# PROBLEM DETAILS
Within the records, find every line that includes the word "Furniture" and copy it.

(Source data)
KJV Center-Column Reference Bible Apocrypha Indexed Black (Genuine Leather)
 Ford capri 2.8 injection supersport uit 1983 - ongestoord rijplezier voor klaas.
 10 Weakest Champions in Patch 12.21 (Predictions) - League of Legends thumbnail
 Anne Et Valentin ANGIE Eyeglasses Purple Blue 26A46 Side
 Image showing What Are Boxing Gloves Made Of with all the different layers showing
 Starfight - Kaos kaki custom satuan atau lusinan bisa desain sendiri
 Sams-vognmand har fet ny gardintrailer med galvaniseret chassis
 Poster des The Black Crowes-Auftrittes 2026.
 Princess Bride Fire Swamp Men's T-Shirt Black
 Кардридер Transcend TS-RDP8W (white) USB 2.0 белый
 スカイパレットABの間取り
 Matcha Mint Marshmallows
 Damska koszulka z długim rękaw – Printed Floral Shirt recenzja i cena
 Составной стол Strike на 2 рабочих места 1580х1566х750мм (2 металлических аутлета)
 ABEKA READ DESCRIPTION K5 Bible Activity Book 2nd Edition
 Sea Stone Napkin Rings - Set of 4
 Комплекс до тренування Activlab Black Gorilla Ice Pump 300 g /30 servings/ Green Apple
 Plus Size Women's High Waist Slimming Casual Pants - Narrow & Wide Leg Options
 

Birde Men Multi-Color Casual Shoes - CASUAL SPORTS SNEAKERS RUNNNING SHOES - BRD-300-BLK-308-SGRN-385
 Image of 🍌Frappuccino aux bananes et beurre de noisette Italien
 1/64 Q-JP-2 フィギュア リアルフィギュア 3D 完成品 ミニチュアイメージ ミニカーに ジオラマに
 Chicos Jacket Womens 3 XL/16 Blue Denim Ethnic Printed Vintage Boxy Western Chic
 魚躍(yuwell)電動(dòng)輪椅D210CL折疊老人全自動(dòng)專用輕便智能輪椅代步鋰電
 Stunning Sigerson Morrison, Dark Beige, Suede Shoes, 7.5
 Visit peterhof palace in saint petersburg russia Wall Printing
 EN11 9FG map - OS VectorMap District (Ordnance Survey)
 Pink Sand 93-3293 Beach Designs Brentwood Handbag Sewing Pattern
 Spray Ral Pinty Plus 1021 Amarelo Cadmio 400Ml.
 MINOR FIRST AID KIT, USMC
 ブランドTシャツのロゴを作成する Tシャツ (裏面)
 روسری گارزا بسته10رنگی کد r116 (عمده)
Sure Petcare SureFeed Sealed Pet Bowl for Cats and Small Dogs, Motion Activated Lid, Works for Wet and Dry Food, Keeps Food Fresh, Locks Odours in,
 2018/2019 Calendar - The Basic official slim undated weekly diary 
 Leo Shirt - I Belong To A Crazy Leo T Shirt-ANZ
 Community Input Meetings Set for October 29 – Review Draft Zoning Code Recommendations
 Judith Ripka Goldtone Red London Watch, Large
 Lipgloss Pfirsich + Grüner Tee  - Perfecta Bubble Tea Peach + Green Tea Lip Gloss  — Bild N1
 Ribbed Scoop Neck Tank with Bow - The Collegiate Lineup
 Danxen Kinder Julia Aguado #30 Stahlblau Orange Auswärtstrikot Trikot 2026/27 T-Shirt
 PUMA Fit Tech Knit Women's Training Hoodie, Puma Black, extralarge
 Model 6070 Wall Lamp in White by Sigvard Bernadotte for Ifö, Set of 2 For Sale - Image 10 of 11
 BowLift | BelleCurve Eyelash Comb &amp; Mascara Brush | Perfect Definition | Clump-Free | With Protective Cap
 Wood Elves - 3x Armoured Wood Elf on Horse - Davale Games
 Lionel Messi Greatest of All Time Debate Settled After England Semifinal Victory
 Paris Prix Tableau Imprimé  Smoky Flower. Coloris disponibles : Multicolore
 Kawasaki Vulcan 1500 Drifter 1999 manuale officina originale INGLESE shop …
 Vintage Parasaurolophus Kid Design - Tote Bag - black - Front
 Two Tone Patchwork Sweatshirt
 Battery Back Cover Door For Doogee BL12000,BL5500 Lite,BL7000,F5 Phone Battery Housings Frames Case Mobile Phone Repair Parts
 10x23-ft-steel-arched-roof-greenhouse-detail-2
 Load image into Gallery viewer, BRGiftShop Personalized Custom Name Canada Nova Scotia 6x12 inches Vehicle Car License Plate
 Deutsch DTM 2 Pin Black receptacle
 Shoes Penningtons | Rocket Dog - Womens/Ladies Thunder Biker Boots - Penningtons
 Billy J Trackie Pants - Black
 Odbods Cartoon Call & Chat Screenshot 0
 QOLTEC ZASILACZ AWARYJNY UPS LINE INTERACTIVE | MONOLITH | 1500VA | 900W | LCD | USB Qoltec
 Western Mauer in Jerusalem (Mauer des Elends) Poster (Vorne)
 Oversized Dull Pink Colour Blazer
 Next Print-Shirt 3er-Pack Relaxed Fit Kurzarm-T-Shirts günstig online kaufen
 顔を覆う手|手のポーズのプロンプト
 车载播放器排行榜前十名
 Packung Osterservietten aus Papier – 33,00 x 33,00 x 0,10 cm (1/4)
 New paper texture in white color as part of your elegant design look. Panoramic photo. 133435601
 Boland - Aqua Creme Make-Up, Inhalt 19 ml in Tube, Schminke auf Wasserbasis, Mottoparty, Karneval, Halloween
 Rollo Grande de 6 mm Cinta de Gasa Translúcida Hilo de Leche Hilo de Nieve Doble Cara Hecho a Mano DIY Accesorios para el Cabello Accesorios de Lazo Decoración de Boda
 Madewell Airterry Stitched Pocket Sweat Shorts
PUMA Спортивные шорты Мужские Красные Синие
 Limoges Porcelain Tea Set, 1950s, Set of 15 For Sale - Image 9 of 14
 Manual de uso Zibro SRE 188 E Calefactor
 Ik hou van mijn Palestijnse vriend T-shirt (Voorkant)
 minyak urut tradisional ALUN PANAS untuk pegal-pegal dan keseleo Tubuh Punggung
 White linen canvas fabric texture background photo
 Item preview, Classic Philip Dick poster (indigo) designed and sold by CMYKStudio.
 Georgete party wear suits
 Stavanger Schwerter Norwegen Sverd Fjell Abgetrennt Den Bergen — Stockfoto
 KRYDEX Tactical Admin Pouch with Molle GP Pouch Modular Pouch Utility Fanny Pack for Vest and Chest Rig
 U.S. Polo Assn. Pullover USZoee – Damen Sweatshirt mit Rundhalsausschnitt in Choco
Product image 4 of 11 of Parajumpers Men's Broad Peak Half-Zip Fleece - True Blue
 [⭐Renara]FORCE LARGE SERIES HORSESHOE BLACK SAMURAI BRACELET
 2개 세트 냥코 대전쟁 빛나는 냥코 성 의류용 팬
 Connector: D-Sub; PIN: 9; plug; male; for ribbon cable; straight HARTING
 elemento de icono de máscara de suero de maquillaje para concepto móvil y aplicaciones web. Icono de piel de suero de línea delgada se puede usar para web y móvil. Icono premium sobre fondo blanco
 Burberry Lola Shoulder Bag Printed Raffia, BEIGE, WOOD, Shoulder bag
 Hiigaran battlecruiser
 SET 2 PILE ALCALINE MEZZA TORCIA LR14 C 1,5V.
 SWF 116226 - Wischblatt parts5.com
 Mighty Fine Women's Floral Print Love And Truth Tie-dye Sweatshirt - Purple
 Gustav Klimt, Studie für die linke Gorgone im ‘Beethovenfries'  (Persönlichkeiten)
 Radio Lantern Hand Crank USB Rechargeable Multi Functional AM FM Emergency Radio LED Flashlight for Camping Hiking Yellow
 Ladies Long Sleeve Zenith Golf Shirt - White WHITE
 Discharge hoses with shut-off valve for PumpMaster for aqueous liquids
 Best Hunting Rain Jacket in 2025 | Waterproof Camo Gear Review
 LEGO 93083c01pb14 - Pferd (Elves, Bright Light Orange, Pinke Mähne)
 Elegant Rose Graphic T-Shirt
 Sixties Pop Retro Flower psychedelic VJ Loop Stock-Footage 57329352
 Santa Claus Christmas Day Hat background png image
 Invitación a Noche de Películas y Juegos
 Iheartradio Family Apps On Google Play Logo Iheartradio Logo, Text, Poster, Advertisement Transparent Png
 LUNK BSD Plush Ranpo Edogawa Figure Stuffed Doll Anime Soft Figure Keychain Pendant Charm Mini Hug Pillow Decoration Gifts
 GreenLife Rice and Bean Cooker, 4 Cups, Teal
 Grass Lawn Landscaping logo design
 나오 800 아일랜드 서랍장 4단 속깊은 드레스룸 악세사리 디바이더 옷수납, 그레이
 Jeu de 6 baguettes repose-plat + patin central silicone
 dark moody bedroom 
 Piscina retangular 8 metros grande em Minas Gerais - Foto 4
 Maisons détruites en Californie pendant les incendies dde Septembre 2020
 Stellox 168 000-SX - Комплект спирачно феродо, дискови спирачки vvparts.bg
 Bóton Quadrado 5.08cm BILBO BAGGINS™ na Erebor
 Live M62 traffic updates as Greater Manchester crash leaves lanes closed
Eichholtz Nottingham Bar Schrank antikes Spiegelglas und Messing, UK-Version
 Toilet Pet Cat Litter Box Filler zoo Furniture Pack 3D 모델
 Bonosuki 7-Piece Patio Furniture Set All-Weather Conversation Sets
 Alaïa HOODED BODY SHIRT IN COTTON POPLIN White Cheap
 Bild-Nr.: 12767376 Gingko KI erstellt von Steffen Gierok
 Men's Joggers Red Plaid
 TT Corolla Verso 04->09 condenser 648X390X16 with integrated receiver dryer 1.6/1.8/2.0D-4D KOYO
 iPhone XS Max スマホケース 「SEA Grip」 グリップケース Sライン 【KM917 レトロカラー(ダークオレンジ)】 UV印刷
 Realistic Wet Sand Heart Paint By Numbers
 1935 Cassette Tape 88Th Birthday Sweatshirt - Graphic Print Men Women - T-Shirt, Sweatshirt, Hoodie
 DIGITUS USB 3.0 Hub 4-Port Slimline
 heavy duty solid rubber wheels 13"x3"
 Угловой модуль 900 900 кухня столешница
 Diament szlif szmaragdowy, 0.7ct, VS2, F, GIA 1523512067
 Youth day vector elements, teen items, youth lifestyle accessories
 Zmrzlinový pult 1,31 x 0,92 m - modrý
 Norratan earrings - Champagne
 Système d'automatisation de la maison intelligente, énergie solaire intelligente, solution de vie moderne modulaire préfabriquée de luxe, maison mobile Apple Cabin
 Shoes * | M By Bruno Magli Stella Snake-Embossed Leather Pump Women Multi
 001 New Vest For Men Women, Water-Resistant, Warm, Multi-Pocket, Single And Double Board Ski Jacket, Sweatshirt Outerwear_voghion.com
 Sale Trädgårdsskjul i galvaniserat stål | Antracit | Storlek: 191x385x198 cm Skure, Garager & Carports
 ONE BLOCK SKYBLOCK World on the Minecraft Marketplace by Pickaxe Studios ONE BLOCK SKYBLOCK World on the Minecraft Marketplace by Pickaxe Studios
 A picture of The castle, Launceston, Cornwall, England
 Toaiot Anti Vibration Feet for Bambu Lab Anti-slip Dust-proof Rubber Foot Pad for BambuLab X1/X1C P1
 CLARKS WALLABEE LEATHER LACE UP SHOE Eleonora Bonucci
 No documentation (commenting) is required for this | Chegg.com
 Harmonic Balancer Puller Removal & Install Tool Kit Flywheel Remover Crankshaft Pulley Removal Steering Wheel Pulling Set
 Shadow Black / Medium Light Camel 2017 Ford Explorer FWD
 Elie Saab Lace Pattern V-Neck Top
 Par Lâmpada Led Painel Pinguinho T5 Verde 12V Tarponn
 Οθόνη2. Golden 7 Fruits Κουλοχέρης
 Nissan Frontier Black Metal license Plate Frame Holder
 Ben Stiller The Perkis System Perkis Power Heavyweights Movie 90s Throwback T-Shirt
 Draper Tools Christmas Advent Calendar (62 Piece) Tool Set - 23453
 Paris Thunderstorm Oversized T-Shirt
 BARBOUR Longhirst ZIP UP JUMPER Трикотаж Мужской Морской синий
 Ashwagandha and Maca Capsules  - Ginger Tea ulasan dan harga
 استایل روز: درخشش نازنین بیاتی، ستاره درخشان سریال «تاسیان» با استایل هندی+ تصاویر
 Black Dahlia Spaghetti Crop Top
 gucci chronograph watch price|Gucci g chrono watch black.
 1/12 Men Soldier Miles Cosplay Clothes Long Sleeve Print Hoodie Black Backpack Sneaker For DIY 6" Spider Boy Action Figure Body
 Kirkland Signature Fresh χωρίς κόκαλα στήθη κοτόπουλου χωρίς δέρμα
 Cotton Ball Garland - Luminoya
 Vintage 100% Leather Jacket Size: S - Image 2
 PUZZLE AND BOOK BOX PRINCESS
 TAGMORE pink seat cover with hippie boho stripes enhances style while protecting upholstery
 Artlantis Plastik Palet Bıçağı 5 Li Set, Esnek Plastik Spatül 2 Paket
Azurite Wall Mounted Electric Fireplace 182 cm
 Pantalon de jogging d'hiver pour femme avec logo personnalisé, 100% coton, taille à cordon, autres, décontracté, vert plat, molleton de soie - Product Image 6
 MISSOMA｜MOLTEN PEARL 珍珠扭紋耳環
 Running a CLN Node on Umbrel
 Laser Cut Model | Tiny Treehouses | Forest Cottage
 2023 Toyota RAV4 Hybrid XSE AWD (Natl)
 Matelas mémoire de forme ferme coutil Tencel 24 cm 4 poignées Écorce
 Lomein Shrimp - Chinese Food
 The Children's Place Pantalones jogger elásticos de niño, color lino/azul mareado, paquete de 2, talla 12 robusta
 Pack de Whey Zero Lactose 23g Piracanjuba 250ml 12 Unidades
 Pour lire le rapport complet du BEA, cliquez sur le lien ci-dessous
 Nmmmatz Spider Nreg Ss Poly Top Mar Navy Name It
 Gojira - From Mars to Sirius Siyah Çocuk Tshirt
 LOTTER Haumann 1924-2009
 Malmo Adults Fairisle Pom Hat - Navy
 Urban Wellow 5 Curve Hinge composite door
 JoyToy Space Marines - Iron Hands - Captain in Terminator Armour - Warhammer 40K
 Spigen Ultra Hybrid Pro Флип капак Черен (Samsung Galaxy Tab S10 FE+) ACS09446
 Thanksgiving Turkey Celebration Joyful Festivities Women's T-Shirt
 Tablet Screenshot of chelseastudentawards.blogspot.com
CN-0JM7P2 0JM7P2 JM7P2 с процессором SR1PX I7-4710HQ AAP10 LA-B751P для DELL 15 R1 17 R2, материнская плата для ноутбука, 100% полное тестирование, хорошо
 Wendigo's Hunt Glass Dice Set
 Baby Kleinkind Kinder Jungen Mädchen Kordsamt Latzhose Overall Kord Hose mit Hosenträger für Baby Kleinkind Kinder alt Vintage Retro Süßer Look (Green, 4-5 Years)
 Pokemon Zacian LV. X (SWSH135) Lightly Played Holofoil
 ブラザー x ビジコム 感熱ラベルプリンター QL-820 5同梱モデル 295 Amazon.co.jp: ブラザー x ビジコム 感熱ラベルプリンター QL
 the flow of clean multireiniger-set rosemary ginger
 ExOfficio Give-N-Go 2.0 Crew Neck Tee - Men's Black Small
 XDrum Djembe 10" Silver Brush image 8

# RESULT
 Toilet Pet Cat Litter Box Filler zoo Furniture Pack 3D 모델
 Bonosuki 7-Piece Patio Furniture Set All-Weather Conversation Sets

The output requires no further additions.